Nel gioco del gatto e del topo della difesa informatica, un nuovo avversario è entrato in scena-uno che non si limita a nascondersi nell’ombra, ma le cancella del tutto. Ecco Singularity, un rootkit del kernel Linux progettato non solo per eludere, ma per annullare gli stessi strumenti su cui fanno affidamento i difensori. Con il suo recente aggiornamento per l’elusione dei log, Singularity sta fissando un nuovo standard di invisibilità sui sistemi Linux moderni-e sta facendo scattare l’allarme nella comunità DFIR (Digital Forensics and Incident Response).
Il nemico invisibile
Singularity si presenta come il “boss finale” per i difensori Linux-un’affermazione che, per molti, è inquietantemente vicina alla realtà. A differenza della maggior parte dei rootkit, che si concentrano sul nascondere file o processi, il nuovo trucco di Singularity è la sanitizzazione attiva dei log. Intercettando i log di sistema e kernel alla fonte, impedisce che qualsiasi menzione della propria presenza-o di quella dei suoi operatori-raggiunga lo user space. Questo significa che gli analisti di sicurezza che utilizzano strumenti come dmesg, journalctl o qualsiasi programma basato su klogctl non vedranno nulla di sospetto, anche quando il rootkit è in piena attività.
La magia tecnica non si ferma qui. Singularity opera a livello di kernel, agganciandosi a syscall e funzioni di base tramite ftrace. Una volta caricato, è bloccato-la rimozione richiede un riavvio completo del sistema. Si nasconde attivamente dalle liste dei moduli, cancella le proprie tracce da /proc e può occultare interi alberi di processi, file e connessioni di rete, tutto in base a pattern definiti dall’operatore.
Cecità difensiva
L’elusione dei log è solo una delle armi nell’arsenale di Singularity. Blocca i tentativi di osservare l’attività del kernel tramite eBPF, ftrace e io_uring, neutralizzando strumenti di sicurezza popolari come Tracee, bpftrace e vari EDR (Endpoint Detection and Response). Anche il monitoraggio di rete viene vanificato: il rootkit può filtrare il traffico, nascondere porte e avviare una reverse shell tramite ICMP per un accesso remoto occulto.
L’escalation dei privilegi è integrata, permettendo agli attaccanti di diventare root impostando una variabile d’ambiente segreta o inviando un segnale appositamente costruito. Tutti questi meccanismi sono personalizzabili, rendendo quasi impossibile il rilevamento basato su firme.
Lezioni dure per i difensori
Le implicazioni sono nette. Casi di studio mostrano già Singularity bypassare i principali prodotti EDR, e la sua rapida evoluzione evidenzia la corsa agli armamenti tra attaccanti e difensori. Sebbene l’autore ammetta che nessun rootkit sia davvero impossibile da rilevare, la capacità di Singularity di alterare i log, neutralizzare l’osservabilità e persistere attraverso i riavvii impone ai difensori di ripensare le proprie strategie. Affidarsi ai log tradizionali o al rilevamento in user space non basta più-le minacce a livello kernel richiedono vigilanza a livello kernel.
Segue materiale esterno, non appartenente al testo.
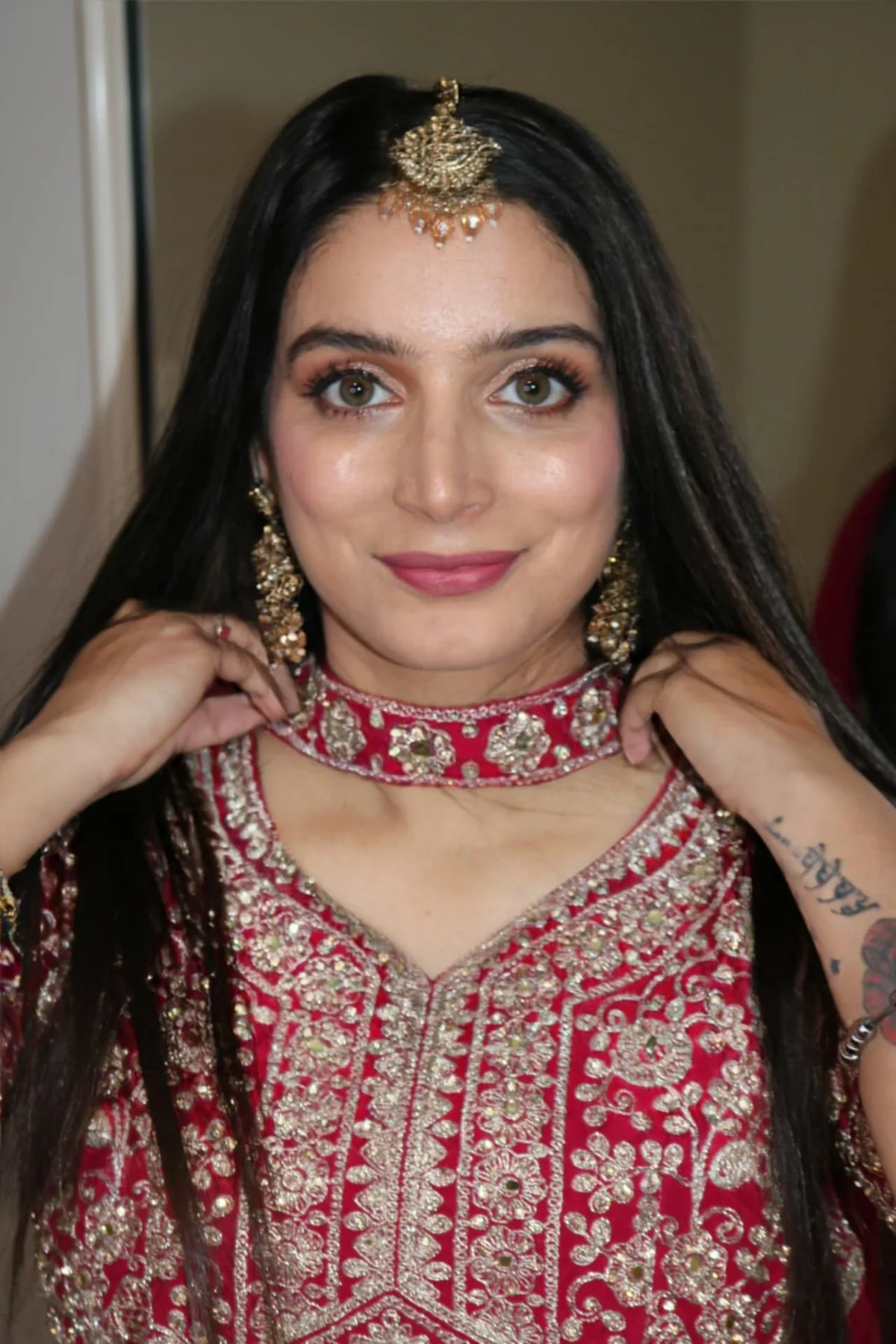 South Asian bridal makeup close-up with red and gold details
Mentre Linux continua ad alimentare infrastrutture critiche in tutto il mondo, l’emergere di Singularity è un campanello d’allarme. Le ombre si fanno più profonde, ma la caccia a ciò che vi si nasconde è appena iniziata.
WIKICROOK
- Rootkit: Un rootkit è un malware stealth che si nasconde su un dispositivo, permettendo agli attaccanti di controllare il sistema in segreto ed eludere il rilevamento.
- klogctl: klogctl è una chiamata di sistema Linux per leggere, cancellare e configurare i log del kernel, utile per il monitoraggio e il debug del sistema tramite l’accesso al ring buffer del kernel.
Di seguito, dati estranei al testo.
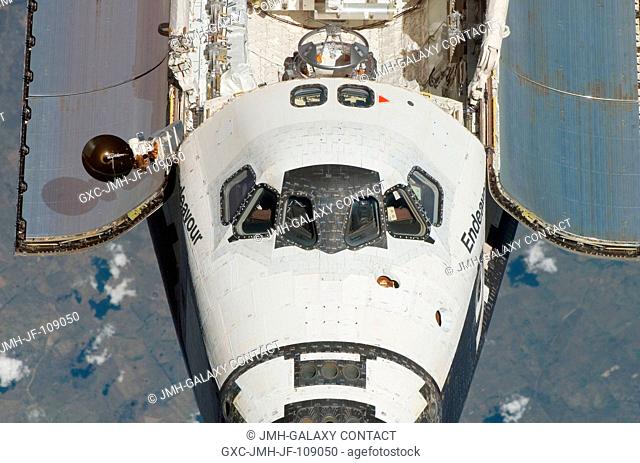 An overhead view of the exterior of Space Shuttle Endeavour's crew cabin, part of its payload bay doors and docking system was provided by Expedition 16...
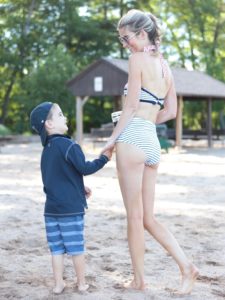 pinterestingplans in high waisted bikini playing with son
- eBPF: eBPF è una tecnologia del kernel Linux per eseguire programmi sicuri e isolati, abilitando funzionalità avanzate di monitoraggio, tracciamento e sicurezza senza modifiche al kernel.
- ftrace: ftrace è uno strumento del kernel Linux per tracciare e fare debug di funzioni e chiamate di sistema, utile per analizzare le prestazioni, risolvere problemi e verificare la sicurezza del sistema.
- EDR: Gli strumenti EDR rilevano, investigano e rispondono alle minacce sugli endpoint, offrendo sicurezza in tempo reale e risposta rapida agli incidenti per le organizzazioni.